** Work task **
Apart from the pictures, every line below is to be set down exactly.

** Opening Dataset records block **

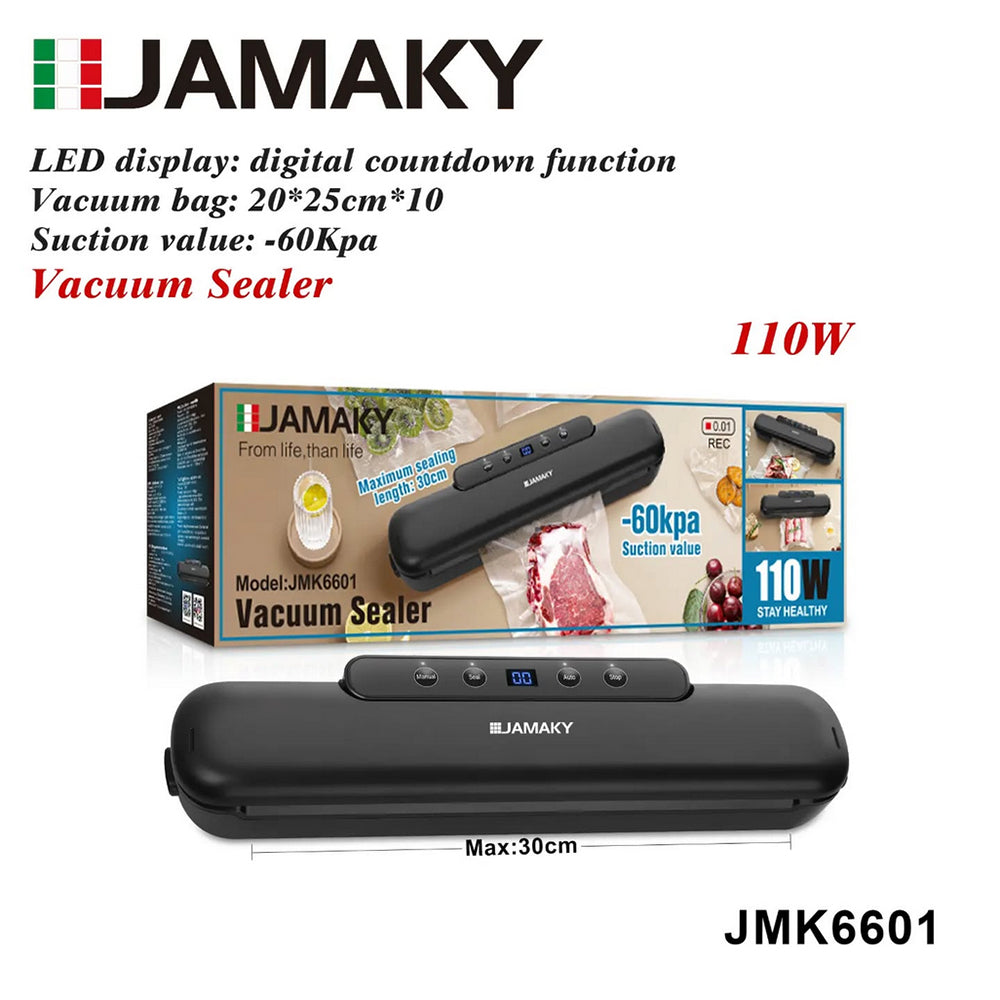 Jamaky JMK6601 Vacuum Sealer with 10 Bags 25*20cm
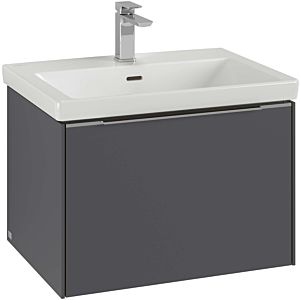 Villeroy and Boch Subway 3.0 vanity unit C575L1VF 62.2x42.9x47.8cm, with LED / handle Volcano black, pure white
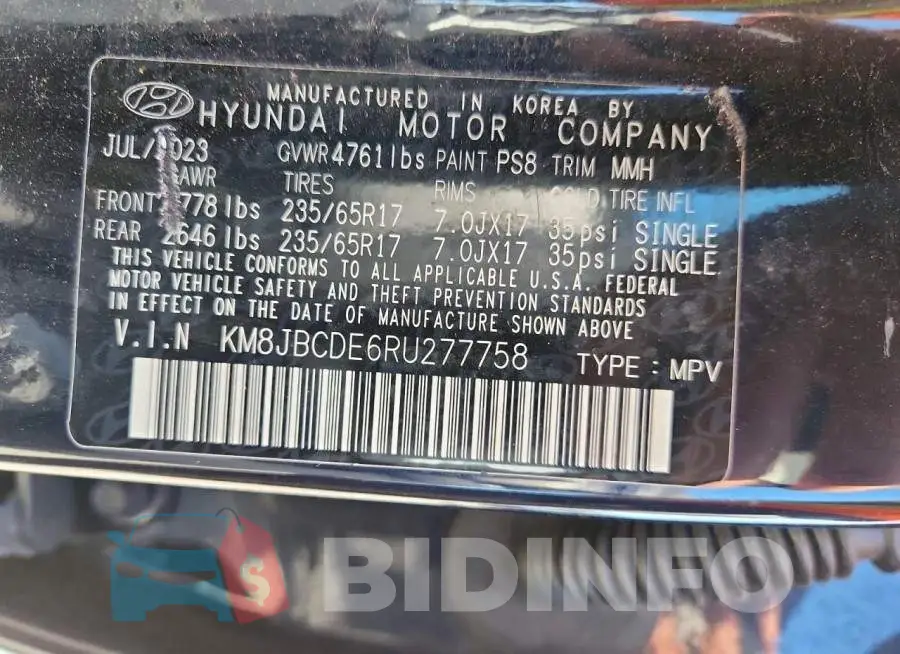 KM8JBCDE6RU277758 Photo# 13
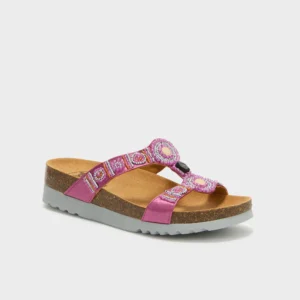 Scholl New Bogotà Wedge Bioprint Zoccoli Sabot Sandali Color Fucsia/Silver Tag. 38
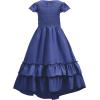 imageAmerican Trends Boho Dress Girls Formal Dress Ruffle Short Sleeve ALine Maxi Dress Elegant Flowy Dress for 613 YearsNavy Blue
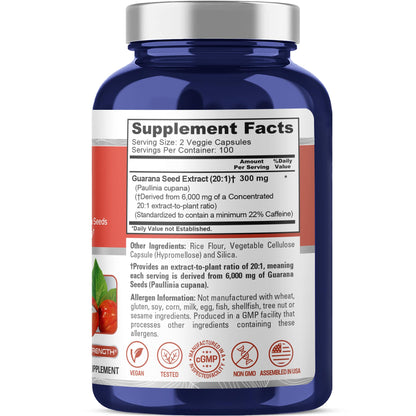 NusaPure Guarana Extract 20:1 Extract, 300 mg Equivalent to 6,000 mg per Veggie Caps 200 Count (Non-GMO, Vegan) NusaPureBuy Supplements Australia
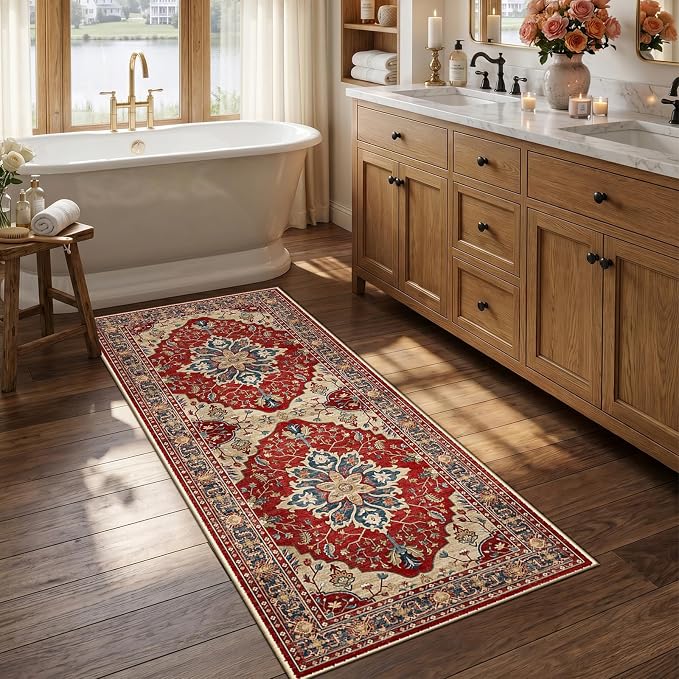 RELEANY Washable Area Rug, Runner 2'6"x5', Red/Blue | Non-Slip, Water Repellent, Pet Friendly, Easy to Clean, Vintage Floral Boho Decor for Kitchen Entry Bedroom Bedside Laundry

** Closing Dataset records block **

** Task output **
 Jamaky JMK6601 Vacuum Sealer with 10 Bags 25*20cm
 Villeroy and Boch Subway 3.0 vanity unit C575L1VF 62.2x42.9x47.8cm, with LED / handle Volcano black, pure white
 KM8JBCDE6RU277758 Photo# 13
 Scholl New Bogotà Wedge Bioprint Zoccoli Sabot Sandali Color Fucsia/Silver Tag. 38
 imageAmerican Trends Boho Dress Girls Formal Dress Ruffle Short Sleeve ALine Maxi Dress Elegant Flowy Dress for 613 YearsNavy Blue
 NusaPure Guarana Extract 20:1 Extract, 300 mg Equivalent to 6,000 mg per Veggie Caps 200 Count (Non-GMO, Vegan) NusaPureBuy Supplements Australia
 RELEANY Washable Area Rug, Runner 2'6"x5', Red/Blue | Non-Slip, Water Repellent, Pet Friendly, Easy to Clean, Vintage Floral Boho Decor for Kitchen Entry Bedroom Bedside Laundry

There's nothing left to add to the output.